The UK Competition and Market Authority, the CMA fears a merger could increase UK oil and gas costs as with less competition production costs could rise.

Well intervention services are essential services used by oil and gas operators to manage well production, provide well diagnostics and modify a well’s state or configuration.

Two of three of the largest companies, Baker Hughes and Altus supply various well intervention services in the UK, including to operators active on the UK continental shelf.

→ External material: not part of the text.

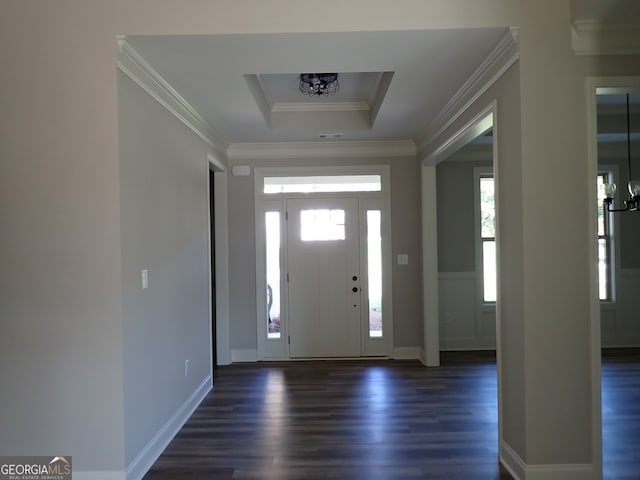 entrance foyer featuring a raised ceiling, dark wood-type flooring, and ornamental molding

An investigation by the CMA has found that Baker Hughes and Altus are the two largest providers of both coiled tubing and pumping services in the UK and compete very closely in the supply of these services currently.

After any merger, Baker Hughes would face competition from only one other major supplier – Halliburton – and a small number of other suppliers that are much weaker competitors in the UK.

The CMA is therefore concerned that the loss of rivalry between the merging companies could lead to higher prices, reduced choice and lower quality services for businesses in the UK that purchase coiled tubing and pumping services.

Colin Raftery, Senior Director of Mergers at the CMA, said: “Well intervention services are an integral part of managing oil and gas wells. Competition is vital to avoid higher prices or poorer quality of services for oil and gas operators active in the UK.

“Our investigation showed that Baker Hughes’ purchase of Altus would take out an important supplier and few remaining competitors would be left in the market. We will move to an in-depth investigation unless the companies can address our concerns.”

The two parties are now required to submit mitigation to the CMA explaining why the takeover should not be examined more thoroughly.